Whether or not his paradoxes are resolvable, or his wisdom is wise, Caeiro does his work in chewy fragments:
Only Nature is divine, and she’s not divine. . . (XXVII, HB)
For the only hidden meaning of things
Is that they have no hidden meaning at all. (XXXIX, PR)
Like the Universe, I pass and I remain. (XLVIII, HB)
I don’t care about rhyme. You seldom find
Two trees alike, standing side by side. (XIV, PR)
That “seldom” (“raras” in Portuguese) is a hilariously fussy touch. I think this is how I have been responding to him, as a sage, or a trickster. As a philosophical stance, which I then try to understand, or, if I am Ricardo Reis, try to cram into my own stuffy poems. But Caeiro was a poet, too, a narrow one, but real. Here’s my favorite poem of his:
The soap-bubbles which this child
Blows from a straw for amusement
Are transparently a philosophy in themselves.
Shiny, useless and transient as Nature,
Pleasing the eye as things do,
They are what they are
In a precisely spherical and airy way,
And no one, not even the child who launches them
Claims they are more than they seem.
There are some you can scarcely see in the clear air.

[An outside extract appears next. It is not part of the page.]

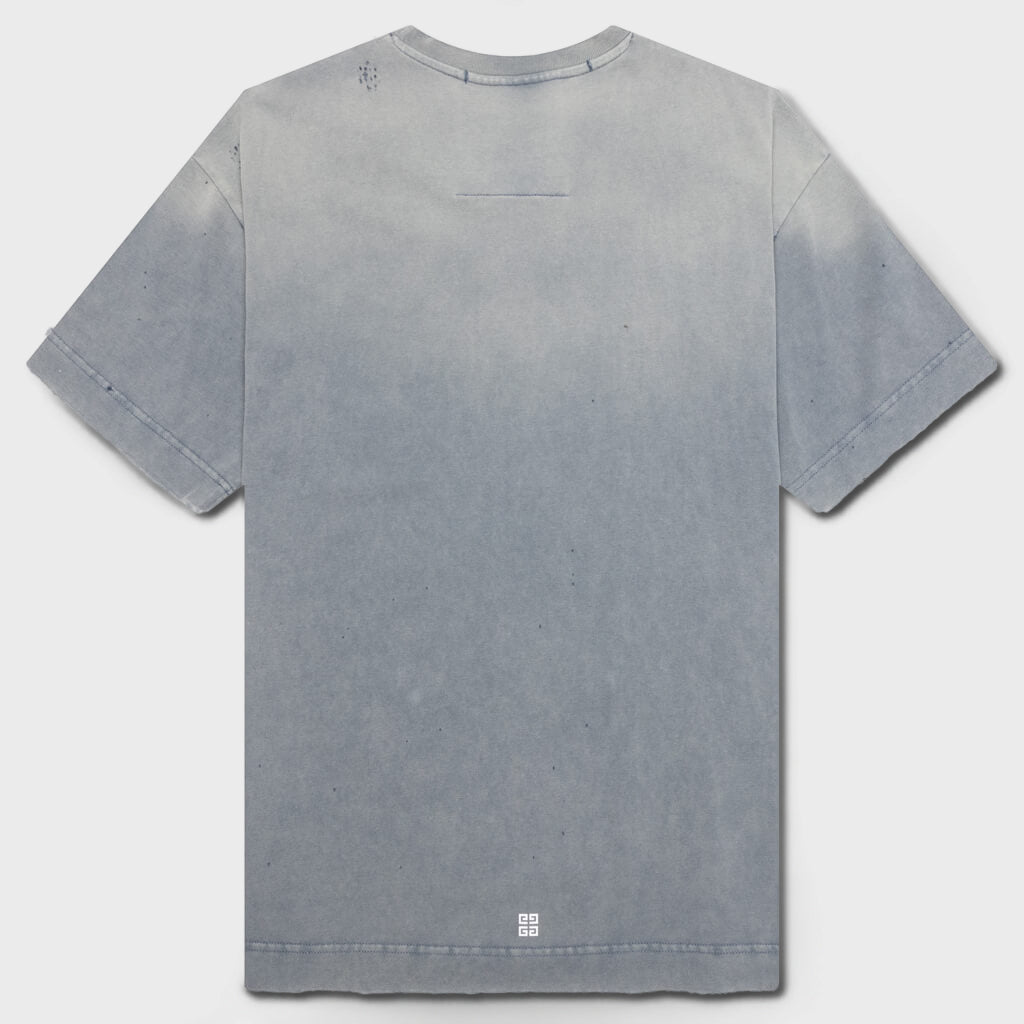 Distressed Logo T-Shirt - Military Blue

They’re like the passing breeze which scarcely stirs the flowers,
Its passing known to us only
Because something quickens within us
And accepts all things with clear insight. (XXV, PR)
Caeiro takes a step or two outside of himself in this poem, which does not hurt. “Transparently” is a pun, an actual joke, as is, I suspect, “precisely,” a word that is often invoked to conceal imprecision.

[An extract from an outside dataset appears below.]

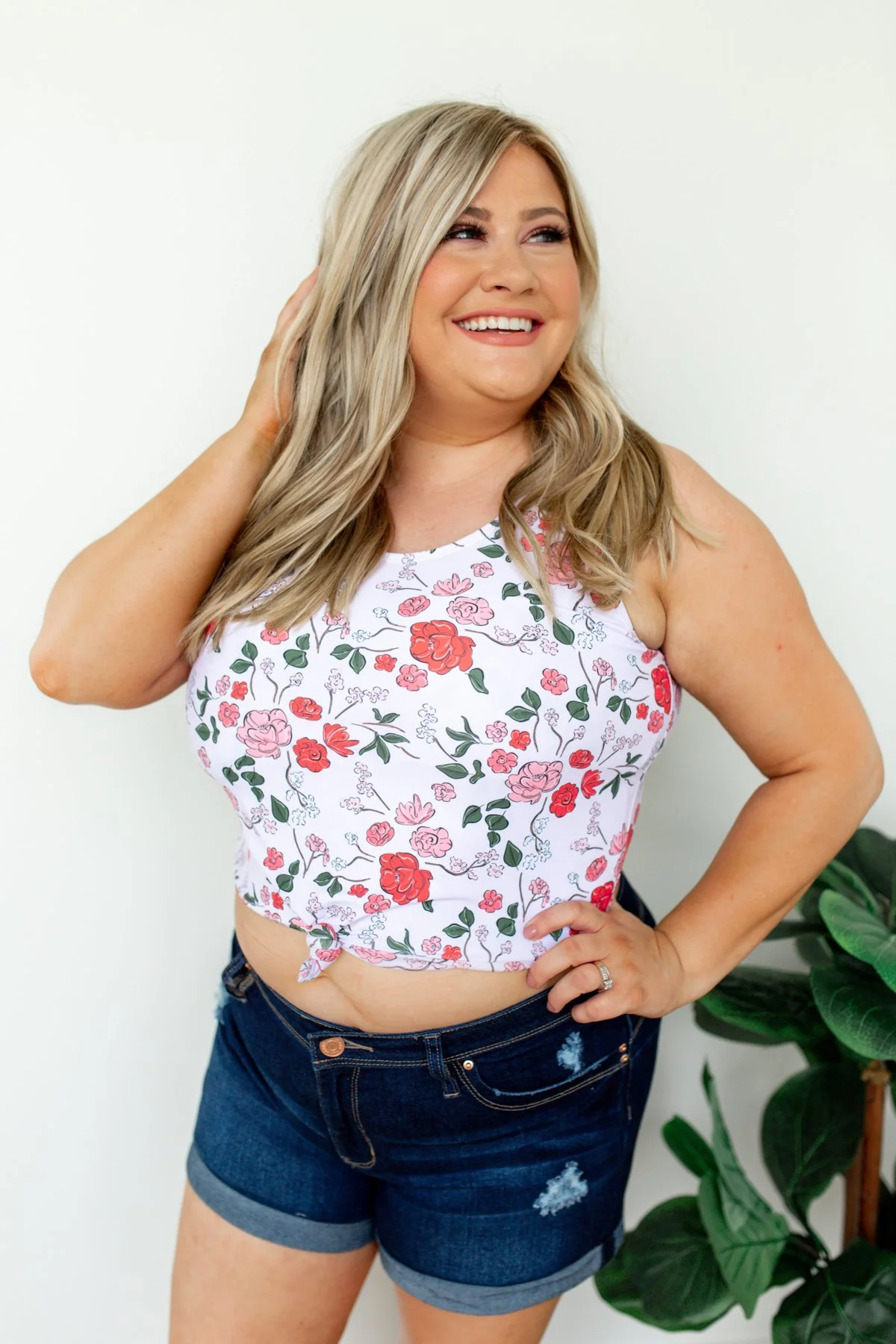 Floral Front Knot Swimsuit Tankini- Light Pink - Image 3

The soap-bubbles are an effective metaphor for Nature, Caeiro’s idea of Nature, exactly because they are created by a person. In Caeiro’s poems, Nature is often a setting for the human – a river has meaning (or no meaning) because it flows through his village; in one poem a ticking watch beside his bed somehow becomes Nature (XLIV); and, even if the physical objects are just trees and plants, there is always the observer, the poet, “a human animal produced by Nature” (XLVI).

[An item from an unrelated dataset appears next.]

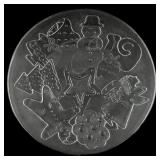 Christmas Round Glass Platter -Various Christmas Motifs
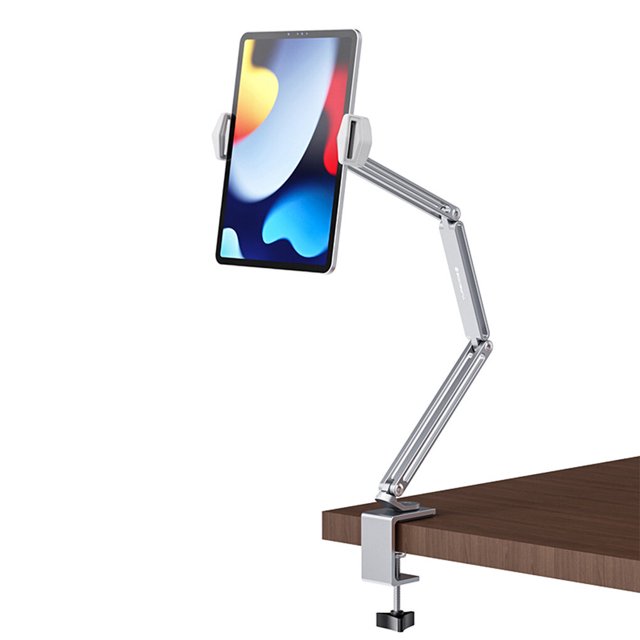 Maoww Phone Holder Adjustable Aluminum Alloy Portable Reusable Household Dorm Tablet Bed Bracket Mount for Tablets Notebook Silver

The bubbles are also poems, of course, Caeiro’s poems, inspired by “something,” shiny, useless, and transient. Can they really be no more than what they seem? A bluff, a gag, a writer’s false arrogance.
Maybe I’ll get this little Portuguese project going and see how Caeiro’s poems look a few months from now.
PR is Peter Rickard’s translation of Caeiro; HB is Honig and Brown, whose translation I also used yesterday but forgot to mention.